▶ Work instruction
Transcribe the records below in full; pictures stay out of the copy.

▶ Records for the task
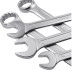 Набор ключей Av Steel AV-031222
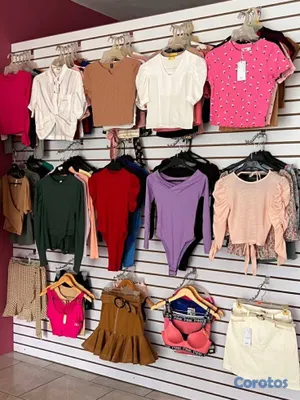 empleos disponibles - 📢 ¡Se busca modelo femenina SIN ROSTRO 3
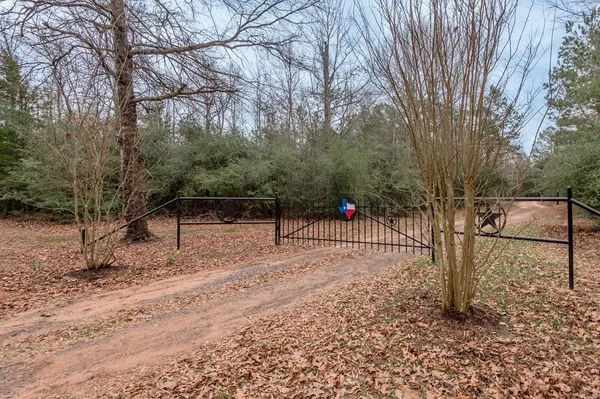 $249,000 | 771 County Road 783, Douglass, TX 75943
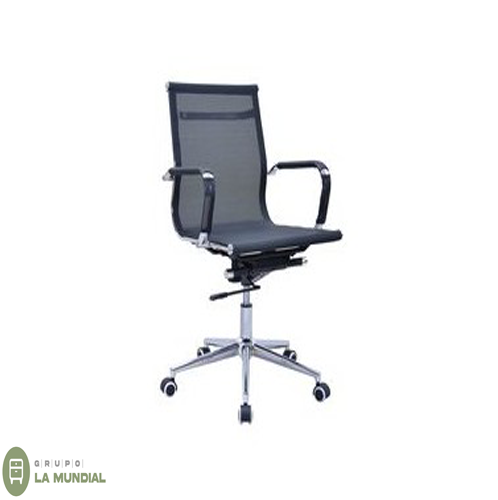 silla-oficina-ejecutiva
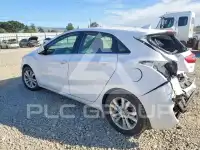 2013 Hyundai Elantra фото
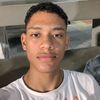 jair_escobar1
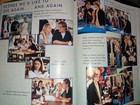 Picture 18 of 24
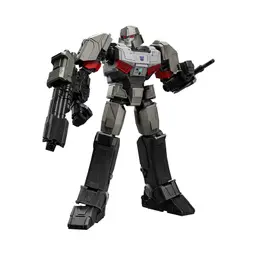 92012_mo_hinh_blokees_transformers_71162_classic_class_cc_12_one_megatron_5.jpg 4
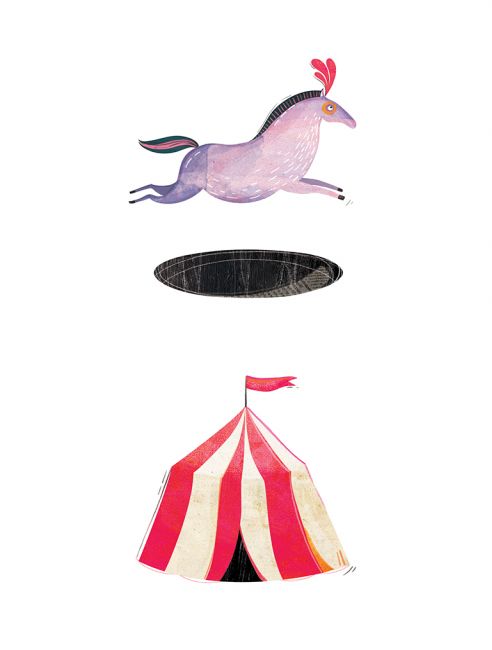 Opica Škorica znova čaruje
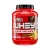 Complete Strength Whey Concentrate 2kg Chocolate Banana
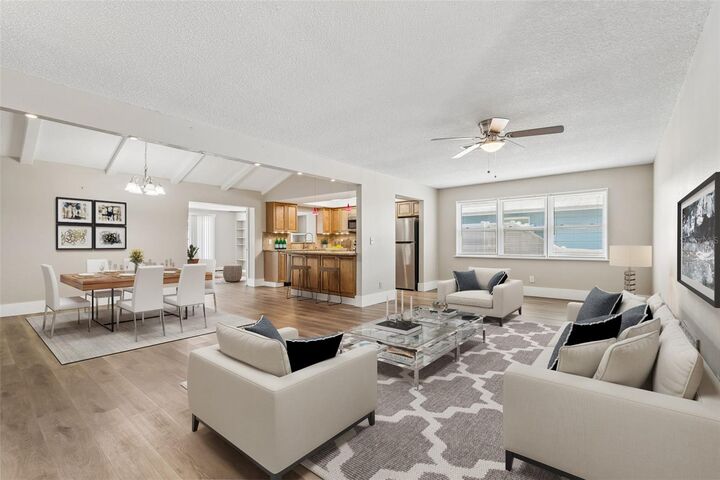 Property Photo:  13691 Serena Drive  FL 33774 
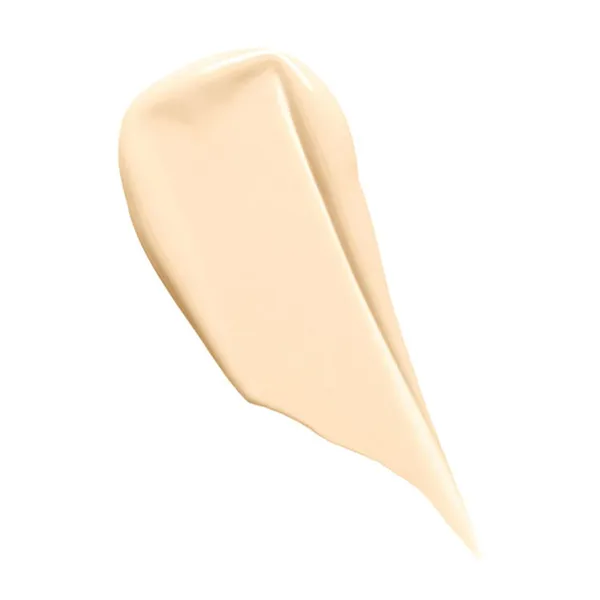 Kem Nền Nars Natural Radiant Longwear Foundation Siberia L0 30ml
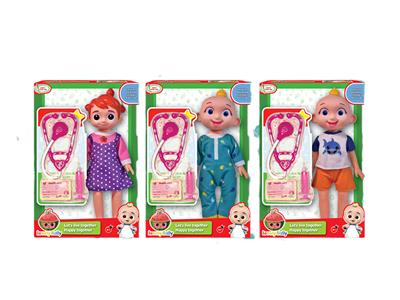 Babytrollyfordoll - OBL10101364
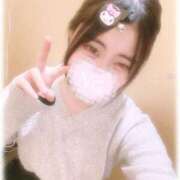 ヒメ日記 2026/02/19 18:05 投稿 近本まな 全裸の極みorドッキング痴漢電車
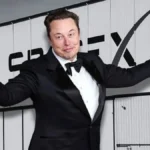 spacex-1781326618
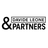 DAVIDE LEONE & PARTNERS INVESTMENT CO LTD.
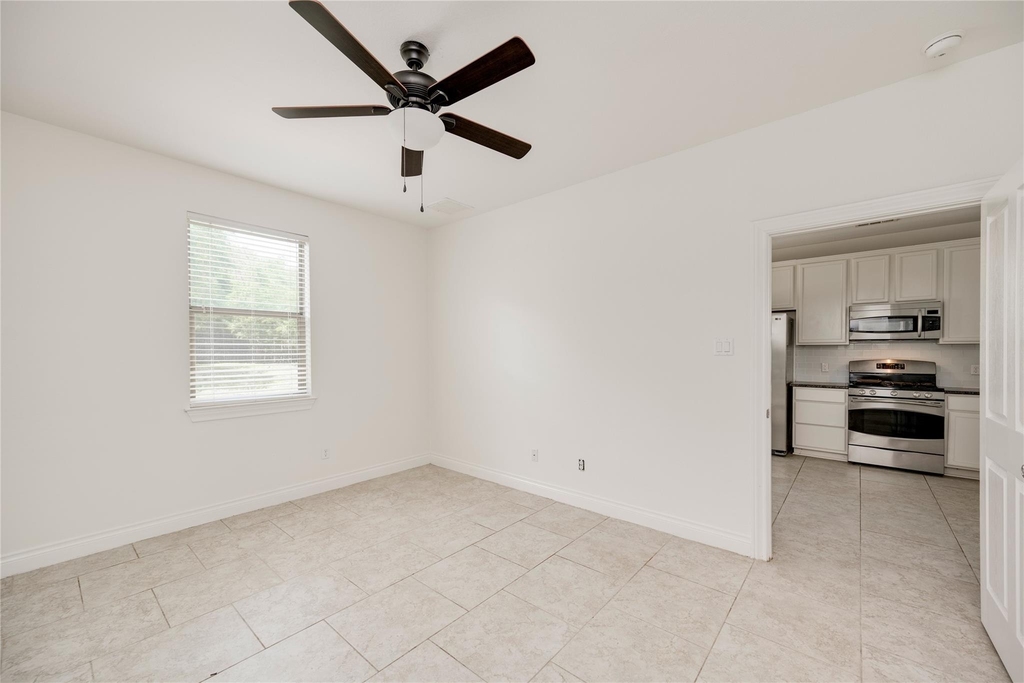 3007 Sea Jay Dr - Photo 13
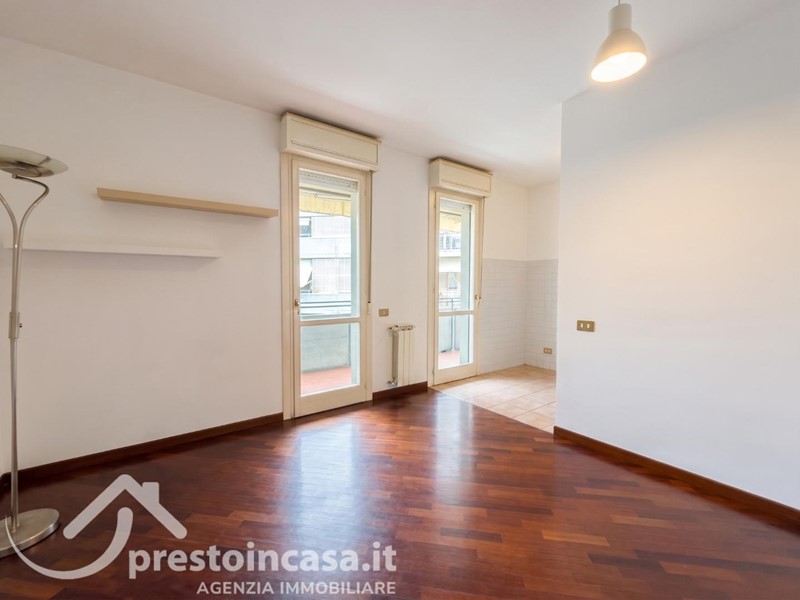 Bilocale in Vendita a Viareggio, 179'000&euro;, 60 m²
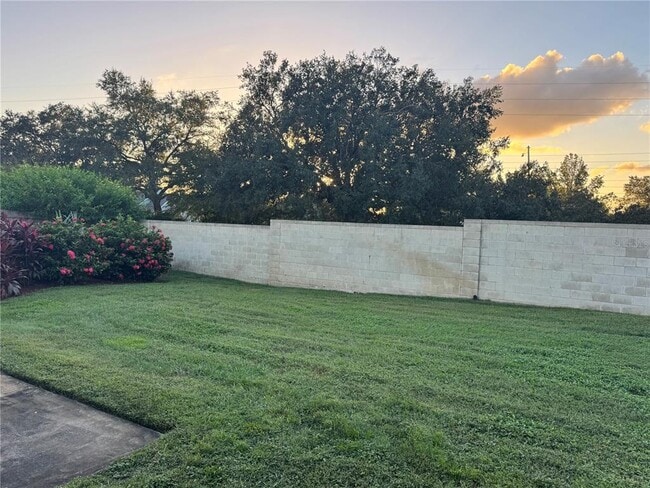 Building Photo - 7910 Glen Abbey Cir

▶ Result below
 Набор ключей Av Steel AV-031222
 empleos disponibles - 📢 ¡Se busca modelo femenina SIN ROSTRO 3
 $249,000 | 771 County Road 783, Douglass, TX 75943
 silla-oficina-ejecutiva
 2013 Hyundai Elantra фото
 jair_escobar1
 Picture 18 of 24
 92012_mo_hinh_blokees_transformers_71162_classic_class_cc_12_one_megatron_5.jpg 4
 Opica Škorica znova čaruje
 Complete Strength Whey Concentrate 2kg Chocolate Banana
 Property Photo:  13691 Serena Drive  FL 33774 
 Kem Nền Nars Natural Radiant Longwear Foundation Siberia L0 30ml
 Babytrollyfordoll - OBL10101364
 ヒメ日記 2026/02/19 18:05 投稿 近本まな 全裸の極みorドッキング痴漢電車
 spacex-1781326618
 DAVIDE LEONE & PARTNERS INVESTMENT CO LTD.
 3007 Sea Jay Dr - Photo 13
 Bilocale in Vendita a Viareggio, 179'000&euro;, 60 m²
 Building Photo - 7910 Glen Abbey Cir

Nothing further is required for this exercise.